Visual fixations were recorded online by trained research assistants in all reported experiments. Two video streams (i.e., stream of stimulus presentation and stream of infants' fixations) were projected onto two Dell flat panel monitors in an adjacent room, and a Sony DCR-PC120 camcorder recorded both video streams. This split-screen recording was used to establish inter-rater reliability. Then, 18.7% (n = 40) of the infants were coded offline by two additional coders; average reliability between online and offline coders across all reported experiments was r = .93.

Materials

The stimuli consisted of object sequence videos created using Macromedia Flash (Macromedia Studio MX, 2002). Infants were familiarized to a visually presented two-part object sequence (green Triangle → Cube) that flashed sequentially from left to right for 1 s each. The videos were presented centrally at the bottom of the screen (see Table 1 for stimuli used in all reported experiments). Each video presented the sequence four times and lasted 9 s. The video was repeated 10 times for a total of 40 sequence presentations and 90 s of familiarization. The two test sequences of interest consisted of a modified familiarization sequence: For the “Pre+” sequence, a component (orange Musical Note) was added to the beginning/left of the familiarization sequence, whereas for the “Post+” sequence, the component was added to the end/right. There was also a novel sequence (red Semi-Circle → Light Bulb) used to determine novelty preference, which was the third and final test trial. Each of the three test sequences was also presented four times and lasted 9 s. After each video in the experiment, the screen was black for 750 ms.

Table 1.

Stimuli used Across Experiments.

	Training	Familiarization	Pre+	Post+	Novel
Experiment 1A Visual Baseline	NA
Experiment 1B Visual Train-Visual Test
Experiment 2A Auditory Baseline	NA	Ki-Tu	FO-Ki-Tu	Ki-Tu-FO	Gu-Ti-Hi
Experiment 2B Visual Train-Auditory Test

Design and Procedure

Infants were familiarized with a spatio-temporal visual sequence (object sequence flashing left to right). At test, two test trials of interest were presented in a random order: Pre+ (object added to beginning/left of the familiarized sequence) and Post+ (object added to end/right of the familiarized sequence). For 8-month-olds, 11 received the Pre+ trial first and 11 received the Post+ trial first. For the 16-month-olds, 13 received the Pre+ trial first and 12 received the Post+ trial first. The final test trial was the novel sequence.

Results and Discussion

As shown in Figure 1a, participants reduced looking by 33.90% between the first three and the last three familiarization trials, paired-samples t(46) = 7.74, one-tailed p < .001, d = 1.13. An ANOVA on average looking across all familiarization trials did not reveal a significant main effect of age. In addition, participants demonstrated novelty preference by exhibiting longer looking to the novel sequence test trial than the average of their own last three familiarization trials, paired-samples t(46) = 5.80, one-tailed p < .001, d = 85.

Figure 1.

Top panel (1a) shows visual baseline looking times across trials for 8- and 16-month-olds. Bottom panel (1b) shows looking times in the visual modality after training to attend to the end of a visual sequence for 8- and 16-month-olds. Pre+ and Post+ trials were between subjects. Bars represent standard error of the mean. Differences from the last three familiarization trials are indicated one-tailed *p < .05, **p < .01.
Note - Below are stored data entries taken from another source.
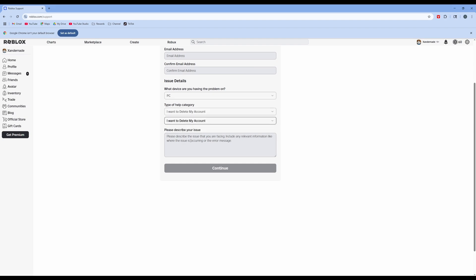Subcategory, I want to delete my account. And then you type in your issue, something along the lines of, I want to delete my account.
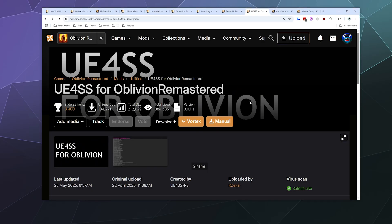All right, welcome back ladies and gentlemen to the Chupacabra Tutorials channel. I'm your host Larry, and today I'm going to be showing you how to install UE4SS for Oblivion Remastered.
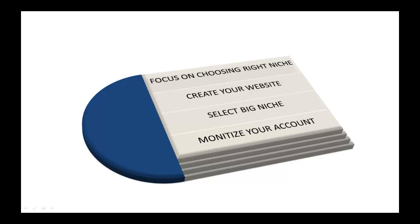Try choosing big niches with a lot of subcategories so that you can attract the customers with mass audience very easily. Monetize your account at least twice a week to have a track with what's happening.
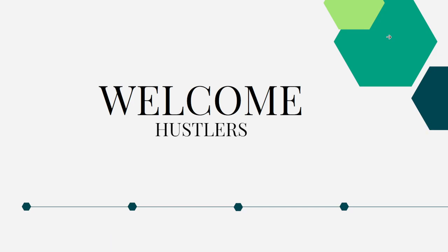If your dream is to become a data analyst or a data scientist, then cracking the SQL interview is a very important stage for attaining your dream.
The primary analyses focused on looking to the first test trial of interest (Pre+ or Post+) compared to the mean of each infant's last three familiarization trials. For this and all other experiments reported here, mean looking to the last three familiarization trials, Pre+ items, and Post+ items are presented in Table 2. Individual difference scores were calculated for each participant by subtracting his or her average looking time to the last three familiarization trials from his or her looking to the first test trial of interest (Pre+ or Post+). For each of the baseline conditions (Experiment 1A, 2A), the difference scores were compared across age groups and trial types. For each of the transfer conditions (Experiment 1B, 2B), the difference scores were compared to the appropriate baseline condition. For this experiment, these individual difference scores (i.e., recovery scores) were subjected to a 2 (Age: 8 months, 16 months) × 2 (Trial Type: Pre+, Post+) between subjects ANOVA. There was only a main effect of Trial Type with Pre+ sequences having higher difference scores (M = 5061.39 ms, SD = 3647.17) than Post+ sequences (M = 2320.54 ms, SD = 3822.22), F(1, 43) = 6.77, p = .01, d = .70. Further examination of the data in Table 2 indicates that although the interaction did not reach significance, there was a numerical difference between the age groups. Whereas the younger group exhibited exceedingly strong Pre+ preference, this preference was noticeably weaker in the older group. Based on these data, it was concluded that none of the groups had Post+ preference, whereas there was evidence for Pre+ preference.

Table 2.

Mean Looking Times and Standard Deviations (in parentheses) by Age and Trial Type for each Experiment.

	Trial Type
	Familiarization	Pre+	Post+
Experiment 1A: Visual Baseline
8-month-olds	4467 (2160)	9205 (3362)**	5885 (3716)
16-month-olds	4714 (1926)	9678 (4118)**	8347 (4673)*
Experiment 1B: Visual Training-Visual Test
8-month-olds	3209 (2280)	6790 (3603)**	6721 (2958)**
16-month-olds	3931 (2401)	6521 (4971)*	9279 (4148)**
Experiment 2A: Auditory Baseline
8-month-olds	3737 (1458)	7157 (3001)*	9405 (1510)**
16-month-olds	3492 (2229)	5667 (3994)	5094 (3754)
Experiment 2B: Visual Training-Auditory Test
8-month-olds	5127 (2041)	6687 (2877)*	6208 (3569)
16-month-olds	5543 (2130)	8265 (2947)**	9516 (2368)**

Note. Looking times in ms. Differences from Familiarization were indicated

^*one-tailed p ≤ .05 and

^**one-tailed p ≤ .01

The main goal of this experiment was to establish if infants had a baseline preference for either the beginning or the end of a visual sequence. The results indicate that infants had a preference for the beginning as evidenced by greater recovery to Pre+ than Post+ items – they were more likely to notice when an item was added to the beginning of a visual sequence than to the end. Given that participants were unlikely to exhibit Post+ preference (they exhibited Pre+ preference), we trained participants to pay attention to the end of the visual sequence and tested their transfer of learning to novel visual sequences. Experiment 1B examined this within-modality transfer.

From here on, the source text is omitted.